Review: The Food & Cooking of Cambodia
by Ghillie Basan
2008 Aness Publishing ISBN-13: 978-1844763511
Almost all of my experience with Cambodian cuisine comes from trying the odd recipe from books broadly focusing on Asian, or somewhat more particularly, Southeast Asian cookery. There is no shortage of books on Vietnamese or Thai food, of course, but Cambodia has thus far received short shrift and it is not easy to get a sense of the cuisine of that nation from those generalized cookery books in which Cambodian dishes are not widely featured. As such, it was indeed a pleasant surprise when I came across this very nice little volume…
Content and Organization
As touted on the front cover, the book contains some 60 recipes organized into fairly straightforward and standard categories. There is a brief, four page, introduction to the culture and cuisine of Cambodia that is quite nicely illustrated with colorful photographs, and another four pages covering the equipment and cooking techniques in the typical Cambodian kitchen. At the end of the book, there is also a list of sources for Cambodian ingredients but this is likely only of limited value, particularly given that only one of the listings includes an internet link.
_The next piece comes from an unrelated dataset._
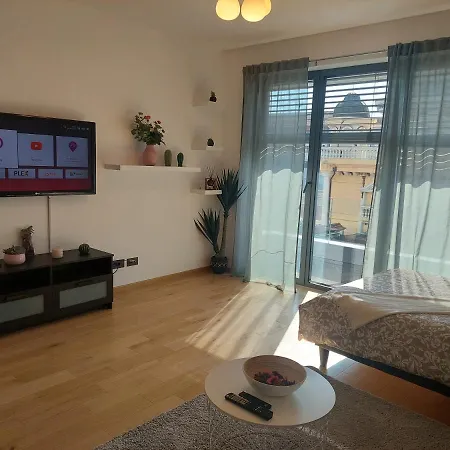 Apartment Smart In Novi Dorcol 1 Km From Center Belgrade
The book is fairly lavishly illustrated beyond the photographs in the introductory section and there is a decent picture of each of the recipes on offer. There are also quite a number of shots showing steps in the cookery process for many dishes but I have to say that, while nicely composed and interesting, they are more decorative than useful and really could have been executed so as to be a bit more instructional.
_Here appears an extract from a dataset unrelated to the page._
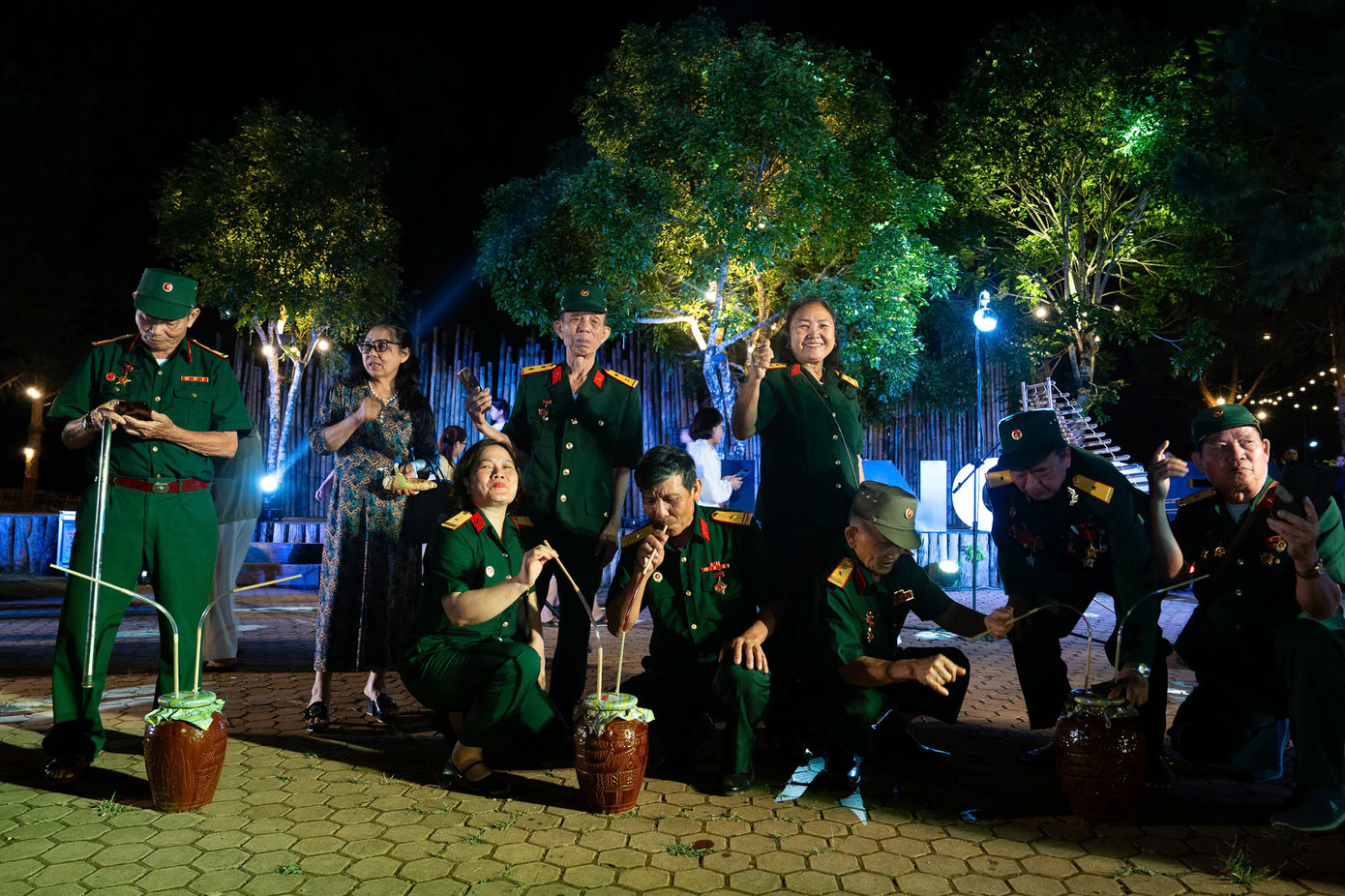 Nhóm du khách "đặc biệt" đến Kon Tum trong dịp lễ 30/4.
Thankfully, though, the recipes are clearly written, easy to follow, and are supplemented by some helpful and informative cookery tips. One feature of this book (and, indeed, Cambodian cuisine as a whole) is that the dishes focus on fairly straightforward ingredients prepared with freshness and simplicity in mind. Thai cookery, like Malay or Indonesian cuisine, can be a bit daunting for some, given the complex spice blends and techniques they frequently employ, but there really is nothing too horrendously difficult in these pages.
As yet, I have mostly only browsed this book for inspiration and, thus far, the only recipe I have closely followed is the one for ‘Hot and Sour Fish Soup’. There are some very interesting dishes I want to sample, especially one for stuffed baby squid, but I am particularly looking forward to trying out an intriguing, but very simple, combination called ‘Minced Meat with Charred Aubergine’.
Generally, I am pleased with this book. Before buying a similar volume dedicated to Cambodian cuisine, I might insist on something with a little more comprehensive coverage of the food and a bit more than the 60 odd recipes provided here. That being said though, this is a pretty good introduction to the cuisine and the dishes presented are so relatively straightforward and simple as to make this a useful guide to those with only a little experience with the cookery of the region.